Living with gods

Around the Gallo-Roman sanctuary of the Gué-de-Sciaux

Gestures to honour and thank gods

Between the end of the 1st century BC and the beginning of the 1st century AC, the faithful threw currencies walking around the dry stone quadrangular plan building, carrying on a gaulish tradition. Two submissions have been discovered on the north and the south of the edifice.

From the 1st to the 3rd century AC, currencies were offered to the sanctuary’s gods according to the religious Roman habit of the Stips; these donations permitted to maintain the place of worship. At the same time, other donations were made: altars, statues, figurines, vases, etc.

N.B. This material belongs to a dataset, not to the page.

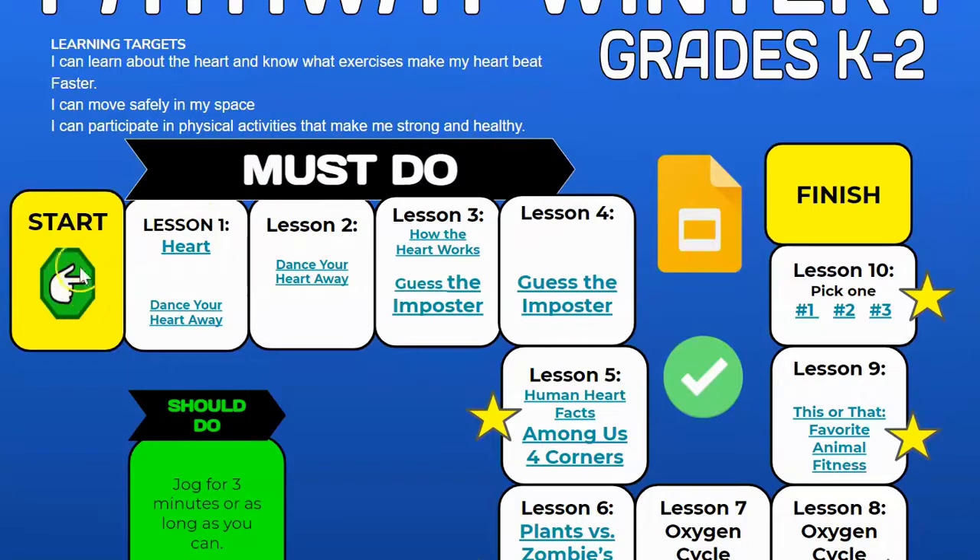We will be continuing on through our pathway. So last time we ended on Lesson 4, we are going to pick up with Lesson 5. There are two links there, and then we'll move on to Lesson 6 and so on all the way through Lesson 10.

In parallel, terra cotta washers have been used to symbolize their passage or their participation in ceremonies, as substitutes for currencies. The resort to other circular objects (metal rings, bone tokens) was also certified.

Testimonies of devotion were also in alternative forms.

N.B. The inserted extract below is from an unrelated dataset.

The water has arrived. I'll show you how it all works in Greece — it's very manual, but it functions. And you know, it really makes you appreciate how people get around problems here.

Thus, ex-votos were deposited to thank gods, after the granting of a wish. In the Gué-de-Sciaux, sheet bronze bars figuring eyes have been offered to Apollo after the recovery from ocular diseases.

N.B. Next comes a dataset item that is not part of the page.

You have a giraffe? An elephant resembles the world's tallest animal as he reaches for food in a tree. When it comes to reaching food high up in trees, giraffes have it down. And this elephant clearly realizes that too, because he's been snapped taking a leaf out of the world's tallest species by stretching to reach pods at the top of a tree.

The donation could also be composed of everyday objects: fibulas*, rings, bracelets, tools, etc; it can also be objects kept for their age and their originality, as cut flints or polished axes, or even a bronze lion figure, considered decent for gods.

Around the end of the 2nd century or the beginning of the 3rd century AC, a terra cotta vase containing eleven carefully selected currencies has been deposited in the sanctuary’s floor. Its burial could correspond to the building of several little edifices; it may be an individual or a collective donation.

*fibula: pin used to maintain clothes; it became a decorative over the centuries.